PROVIDED RECORDS -
*** Block opens ***

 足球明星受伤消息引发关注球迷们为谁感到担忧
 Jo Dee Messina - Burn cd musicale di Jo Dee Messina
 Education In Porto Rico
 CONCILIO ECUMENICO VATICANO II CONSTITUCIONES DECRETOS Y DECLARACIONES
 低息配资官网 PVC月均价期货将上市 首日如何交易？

*** Block closes ***
*** Block opens ***

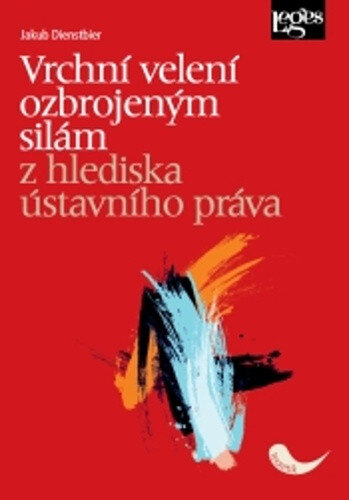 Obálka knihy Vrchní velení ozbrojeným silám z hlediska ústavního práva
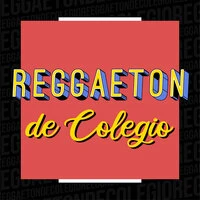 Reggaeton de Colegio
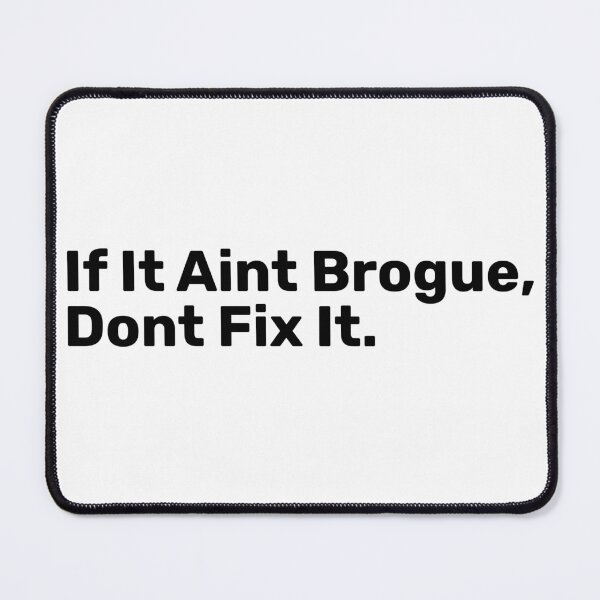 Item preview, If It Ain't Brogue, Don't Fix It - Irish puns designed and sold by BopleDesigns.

*** Block closes ***
*** Block opens ***

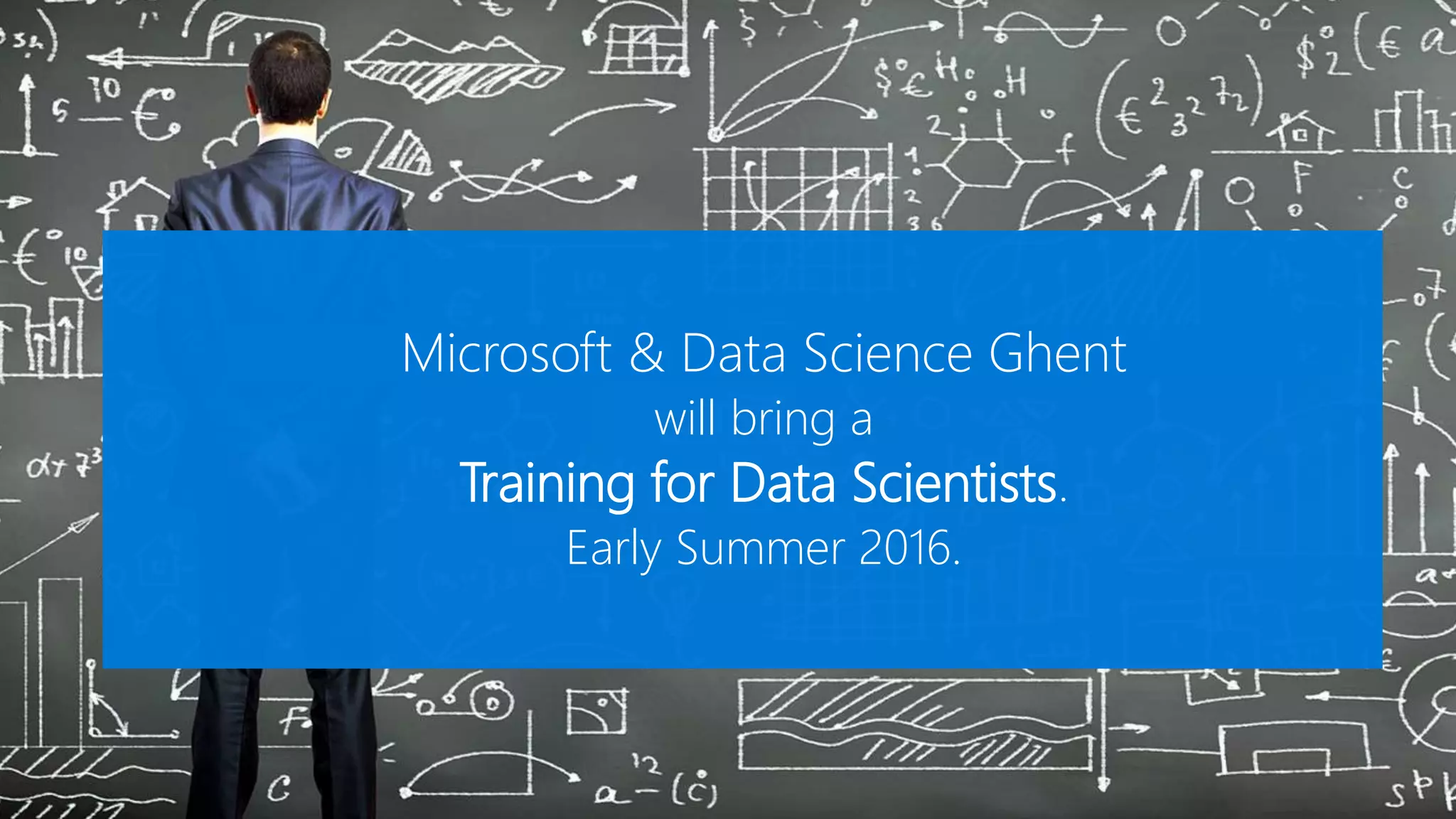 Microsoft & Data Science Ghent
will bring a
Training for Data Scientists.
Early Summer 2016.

*** Block closes ***

BRIEF -
For the lines above, output exactly those from the line containing "Training for Data Scientists." through the line containing "Early Summer 2016.", and skip the others.

SOLUTION FOR THIS PROBLEM -
Training for Data Scientists.
Early Summer 2016.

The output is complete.